__The task__.
Everything in the records below from the line containing "An illustration from" through the line containing "Thumbnail for your" is to be reproduced exactly, those two lines included; no picture is to be copied.

#### Data extracts

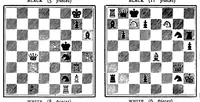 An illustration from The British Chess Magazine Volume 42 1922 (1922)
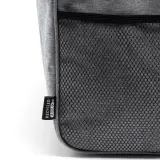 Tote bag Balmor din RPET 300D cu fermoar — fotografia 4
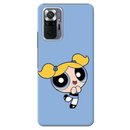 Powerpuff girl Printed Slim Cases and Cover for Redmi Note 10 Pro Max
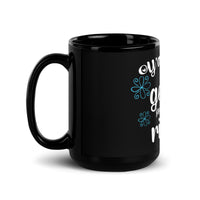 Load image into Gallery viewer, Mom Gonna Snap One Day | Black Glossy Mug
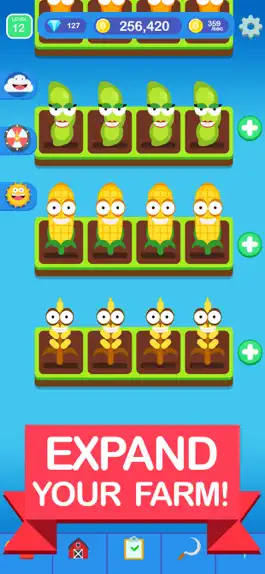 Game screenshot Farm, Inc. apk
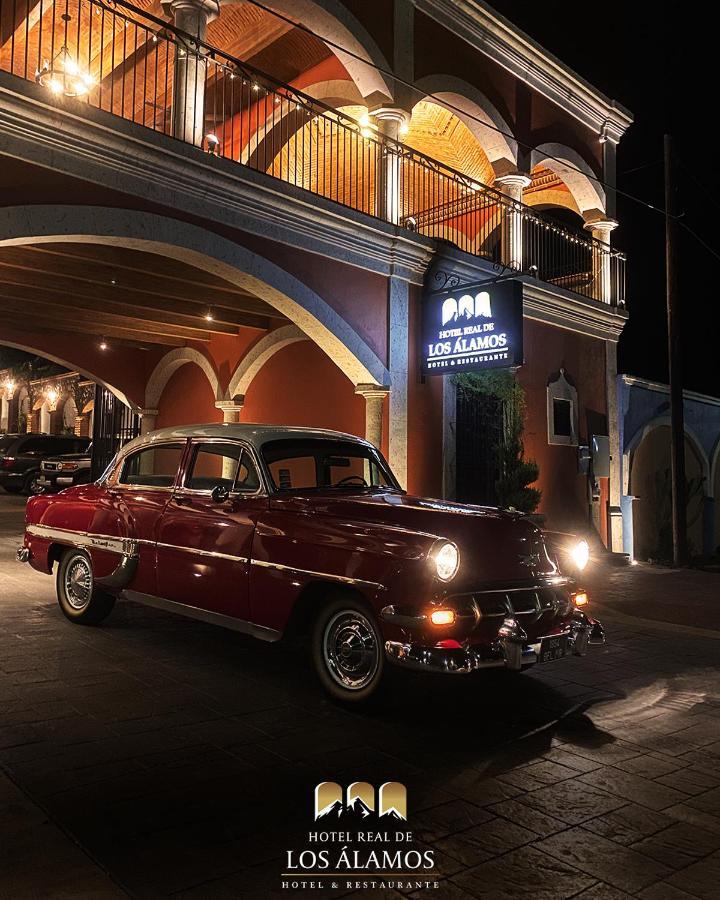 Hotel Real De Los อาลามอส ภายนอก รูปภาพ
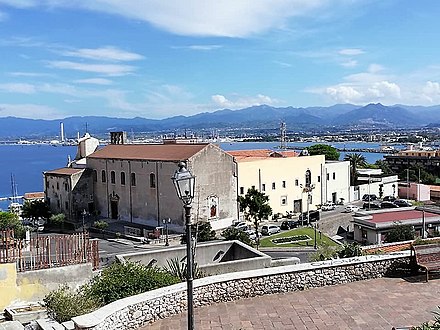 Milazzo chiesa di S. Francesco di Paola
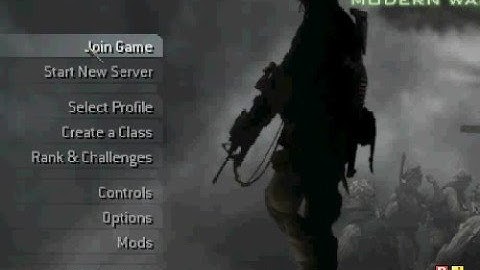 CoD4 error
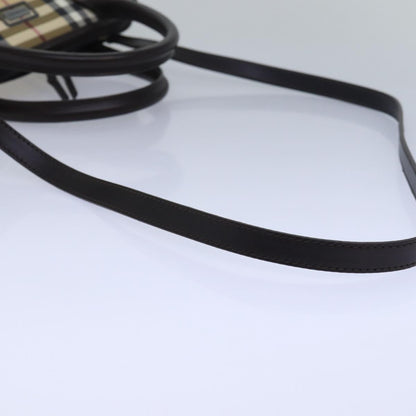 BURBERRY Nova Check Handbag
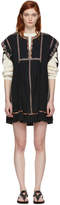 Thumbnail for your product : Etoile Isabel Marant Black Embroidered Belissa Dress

########
#### Data extracts

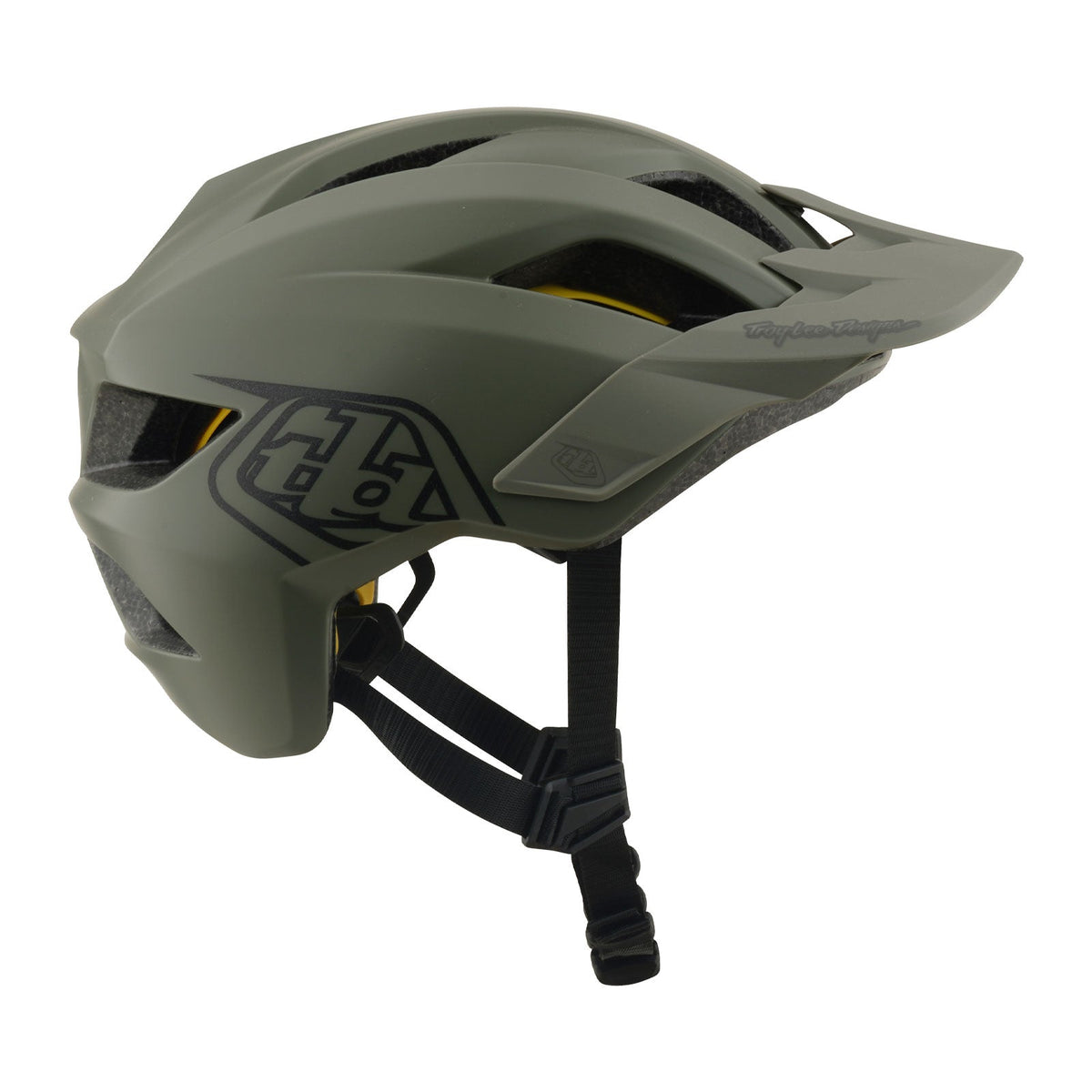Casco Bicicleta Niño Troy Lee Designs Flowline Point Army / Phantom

########

__Output__.
 An illustration from The British Chess Magazine Volume 42 1922 (1922)
 Tote bag Balmor din RPET 300D cu fermoar — fotografia 4
 Powerpuff girl Printed Slim Cases and Cover for Redmi Note 10 Pro Max
 Load image into Gallery viewer, Mom Gonna Snap One Day | Black Glossy Mug
 Game screenshot Farm, Inc. apk
 Hotel Real De Los อาลามอส ภายนอก รูปภาพ
 Milazzo chiesa di S. Francesco di Paola
 CoD4 error
 BURBERRY Nova Check Handbag
 Thumbnail for your product : Etoile Isabel Marant Black Embroidered Belissa Dress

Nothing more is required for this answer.